▶ _YOUR INSTRUCTIONS_:
Skip the pictures. Transcribe exactly the lines from the line containing "2025 E Campbell" to the end of the listing.

────────────────────

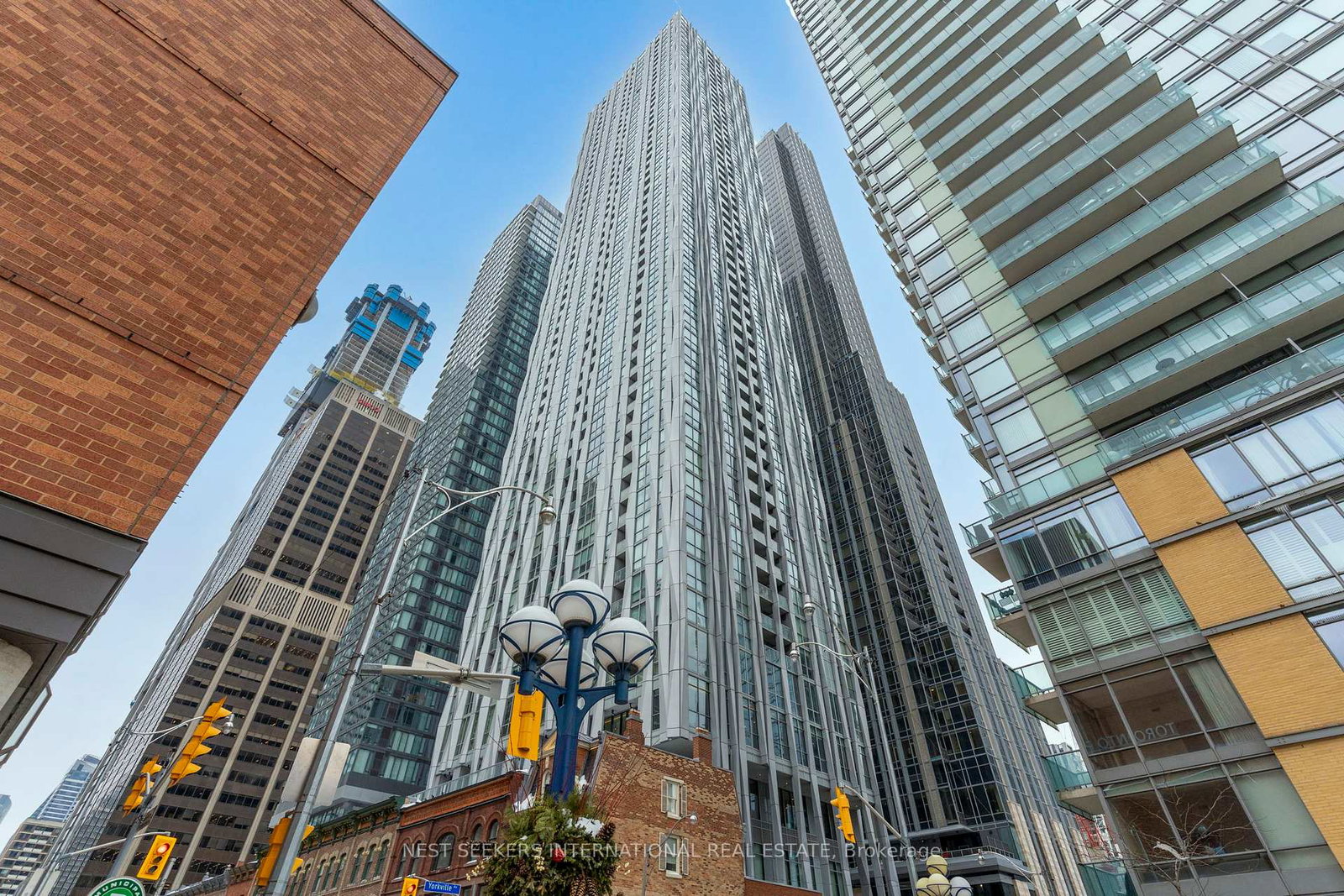 1-yorkville-avenue-toronto-ontario-c13095096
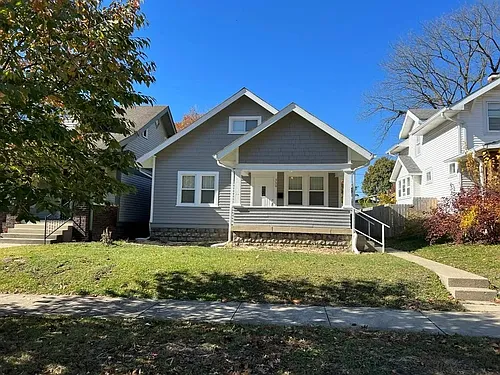 336 N Riley Ave Photo 1
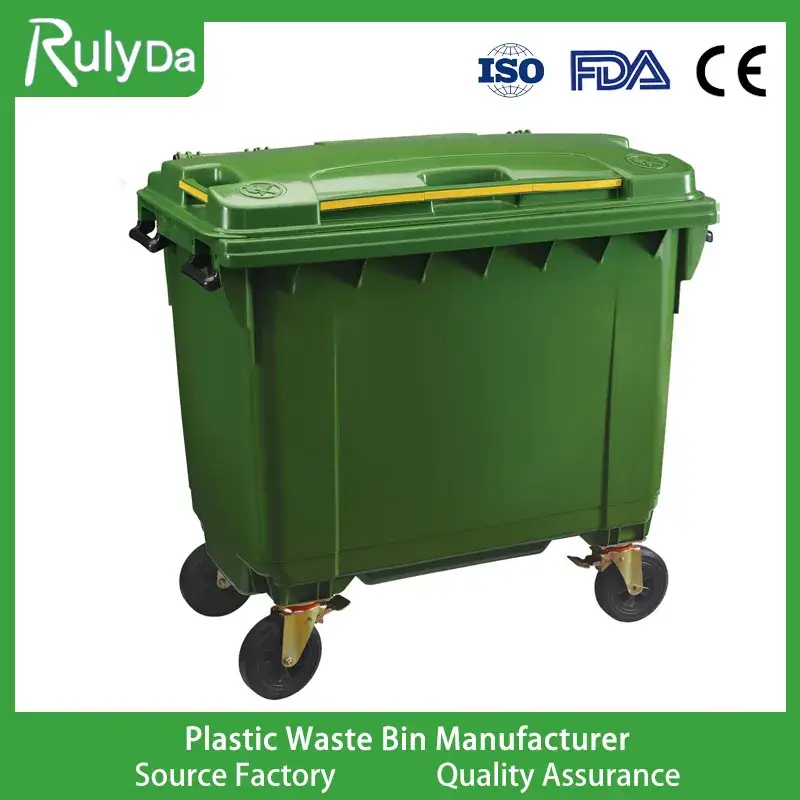 Sản phẩm thùng rác bằng nhựa đa dạng về kích thước và mẫu mã, phục vụ cho việc thu gom và xử lý chất thải một cách hiệu quả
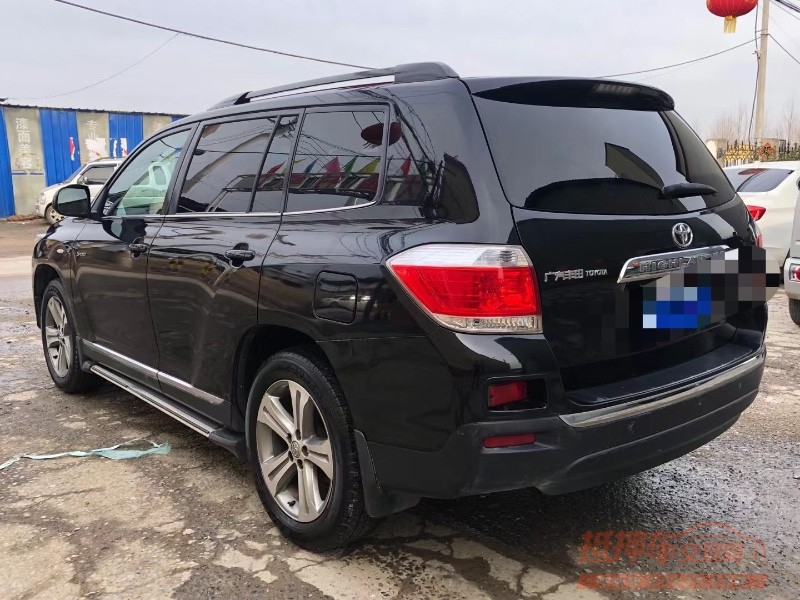 保定14年丰田汉兰达3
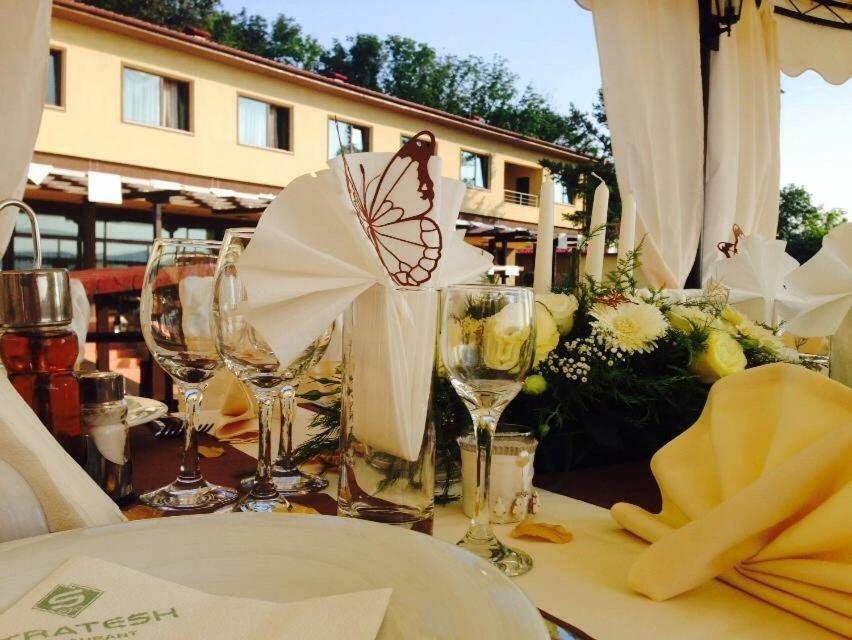 Park Hotel Stratesh Lovech Bagian luar foto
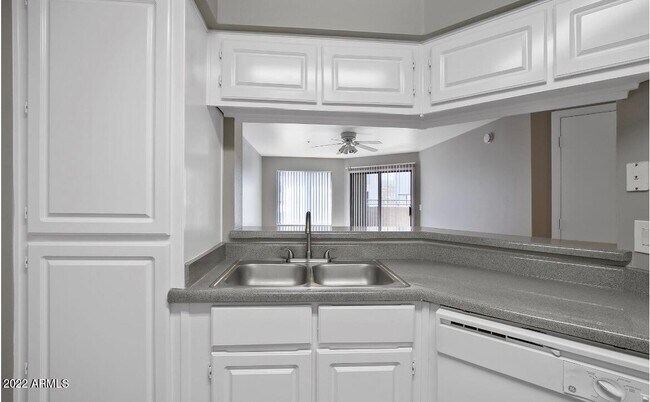 2025 E Campbell Ave Phoenix, AZ 85016 photo 5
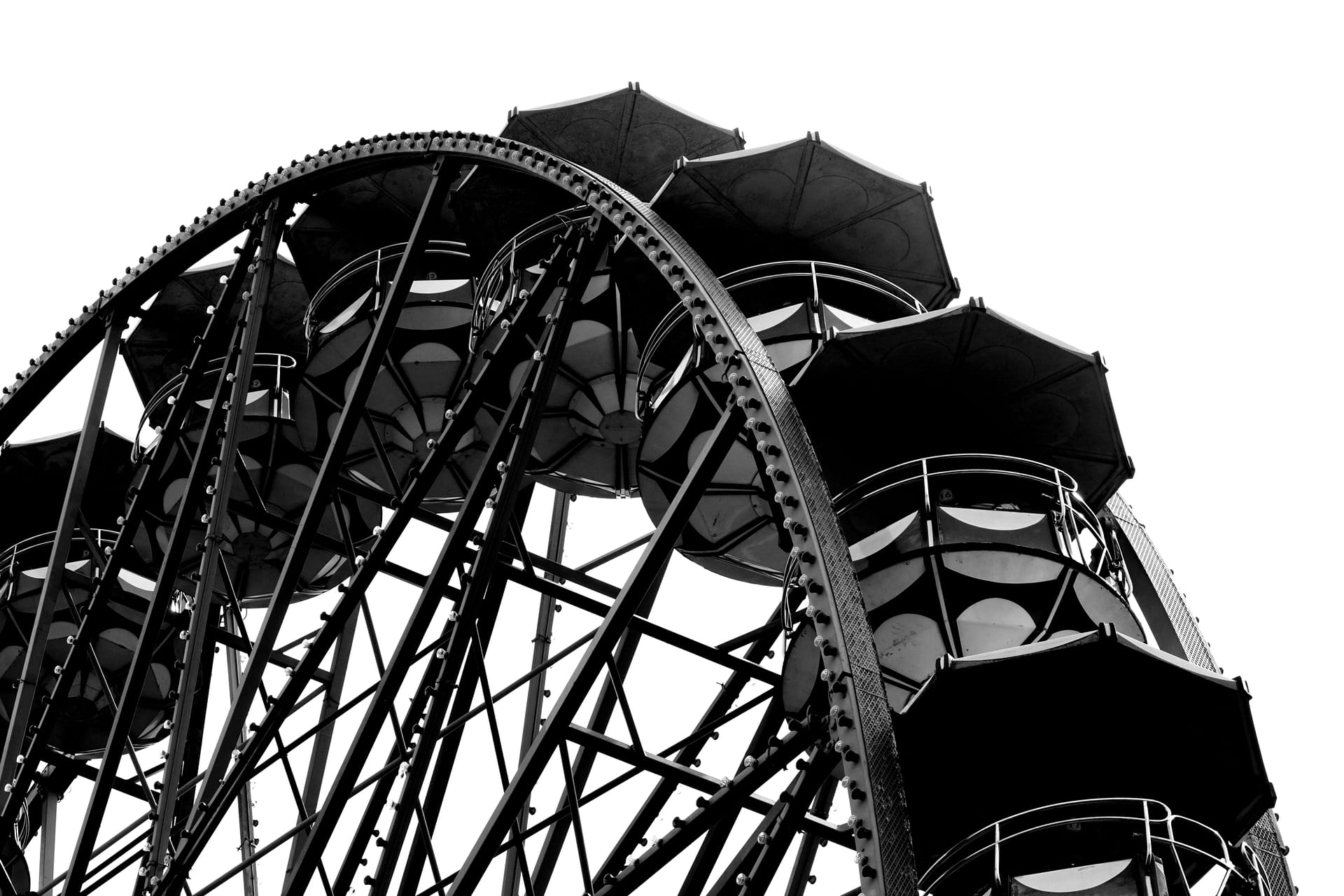 Black and white photo of a ferris wheel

────────────────────

▶ _ANSWER SECTION_:
 2025 E Campbell Ave Phoenix, AZ 85016 photo 5
 Black and white photo of a ferris wheel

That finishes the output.